Tuesday, June 27, 2006

Did BBC just recognize that their reporters statements are opinions?

This article from the BBC on current state of events in Israel includes this paragraph;

The Israeli leader must choose between going ahead with military action that would endanger the life of the captured soldier or risk being seen as weak, says the BBC's Jon Leyne in Jerusalem.

There are no quotes around the statement, but the way it is seperated and includes the name of the person making the statement makes it appear like they are quoting a spokesman. Is this a way to implicitly show that they recognizes that their own reporters statements are opinions? I hope so but won't count on it.

Monday, June 26, 2006

Singapore caught in sex=courtesy cycle

This article reports that they have figured out why they are the fifth least courteous city, it's because they don't get enough sex!. For thirty years the government has sponsored campaigns to get people to be more courteous. The article's author suggests that they should just tell people to have more sex!

However I think that his logic is incomplete, but since he does not provide full references to the surveys I can't be sure. The opening sentence is "IF it's not bad enough that Singaporeans are the second worst lovers in the world, apparently we are also the fifth least courteous people in the world, according to Reader's Digest." I found the Reader's Digest survey on courtesy here. I am not sure how to take it given that it show's New York got the highest rating (80) while Paris fell in the middle of the pack with 57, the same as London. I would love to see a comparison of US cities (New York was only US city on survey).

Apparently the survey he is referencing for "...second worst lovers..." is this one from Durex that shows in 2005 Singapore men and women reporting having sex on average 73 times a year, down from 79 in 2004 and 96 in 2003. I can't find anywhere in the survey where they rated sex, so I guess this author believes that quantity equals quality or maybe that lack of quality equals lack of quantity. Singapore comes in seventh on age at which first had sex (18.4 in a range of 15.6, Iceland to 19.8, India with a global average of 17.3).

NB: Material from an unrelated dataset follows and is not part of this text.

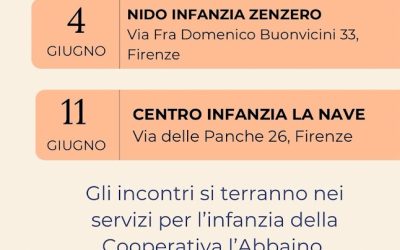 Incontri di sostegno alla genitorialità – Programma Giugno 2025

There is a section on Views on Sex, but it seems like Singapore comes in around average for; a) I'm happy with my sex life (44 average, Singapore 42), b) I wish I had sex more frequently (36 average, Singapore 42), and c) My sex life is monotonous (44 average, Singapore 42) . One would think given how low on the list of frequency they stand that more would want sex more often, but their number is quite a bit below average. For comparison the US is 52, 45, and 9 on this three questions and 113 times a year.

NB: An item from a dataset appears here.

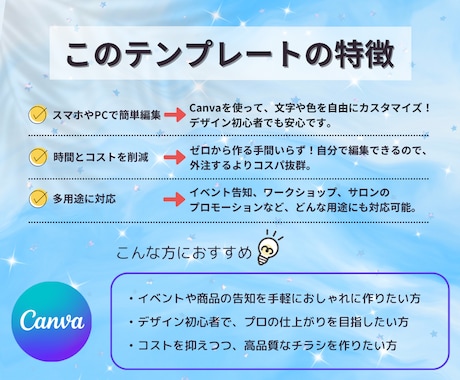canvaで編集可能！チラシテンプレ販売いたします チラシテンプレートで、手軽に魅力的なデザインを作りませんか？ イメージ2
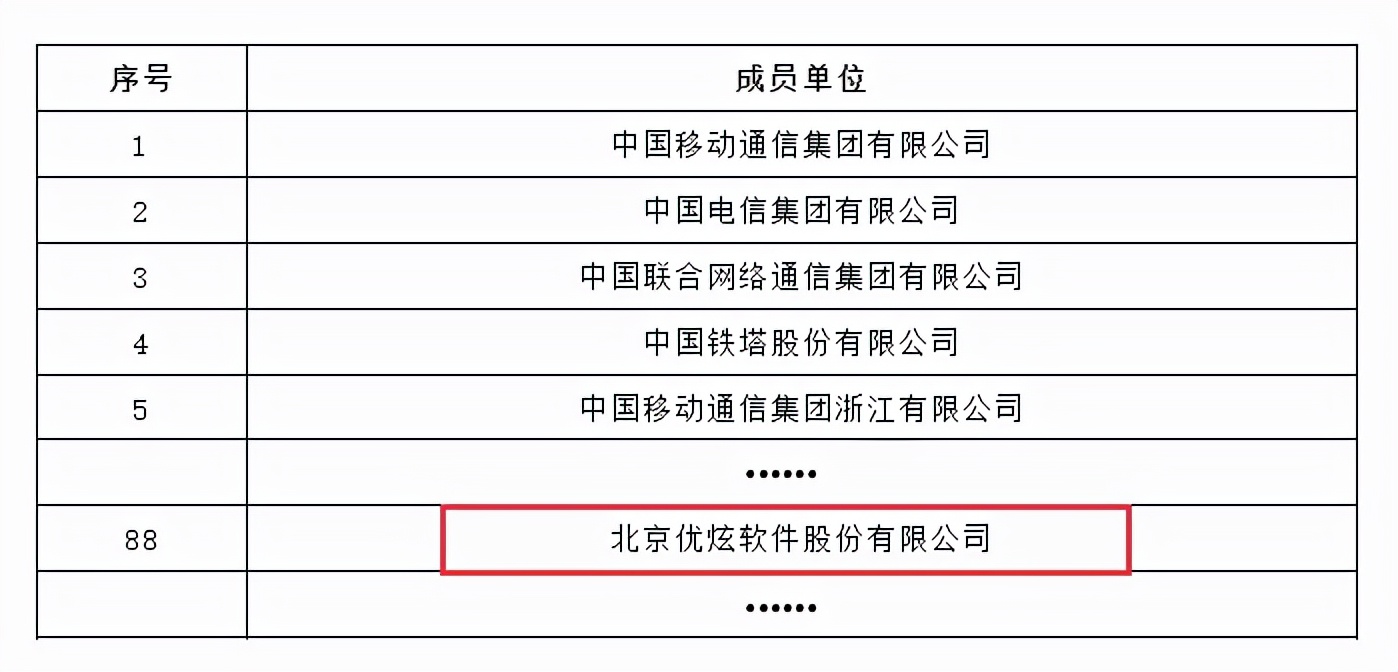 优炫软件成为“数据安全共同体计划”首批成员单位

I would say that there may be a link of less sex causes less courtesy which leads to less sex and so on.

Friday, June 23, 2006

Confusing report from Environmentalists

A new report (or should I say a repackaged report?) from environmentalists (I won't call them scientists) states;
WASHINGTON (Reuters) - The last few decades were the warmest on Earth in the past 400 years, and may well have been warmer than any comparable period since the Middle Ages, U.S. scientists reported on Thursday.

Gee, like we didn't know that at times it has been both colder and warmer than it is today. But later the message gets more confusing.

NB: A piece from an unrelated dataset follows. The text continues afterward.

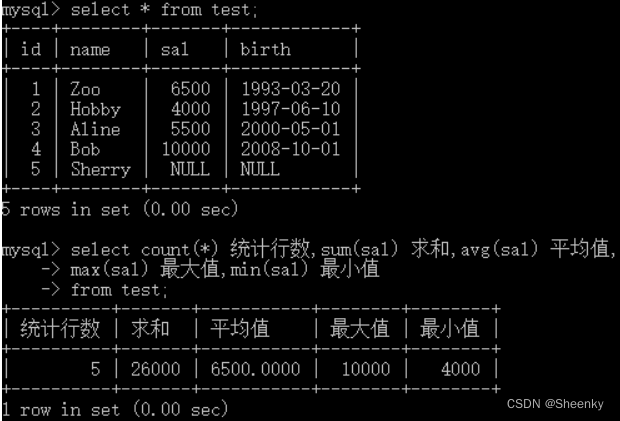 齐全且实用的MySQL函数使用大全,第43张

First they have to restate the facts (actually their opinion)

The scientists also noted that temperature reconstructions for periods before the Industrial Revolution -- when levels of climate-warming greenhouse gases were much lower -- supported the notion the current global climate change was caused by human activities, rather than natural variations in climate.

But this guy actually comes out an tells the truth (emphasis is mine).

"Natural climate variability is something that we'd like to know about," said Kurt Cuffey of the University of California-Berkeley, who served on the council's committee and spoke at a Webcast about the report.

"But if we did know for example that the climate was as warm at 1000 AD as it is now, it would have no essential impact on our understanding of climate change in the 20th century, the role of humans in causing it and the need to think seriously about how that may evolve in the next few centuries," he said.

So no matter if the evidence says that it has been warmer at times in the past before the Industrial age it won't change their understanding (read opinion)!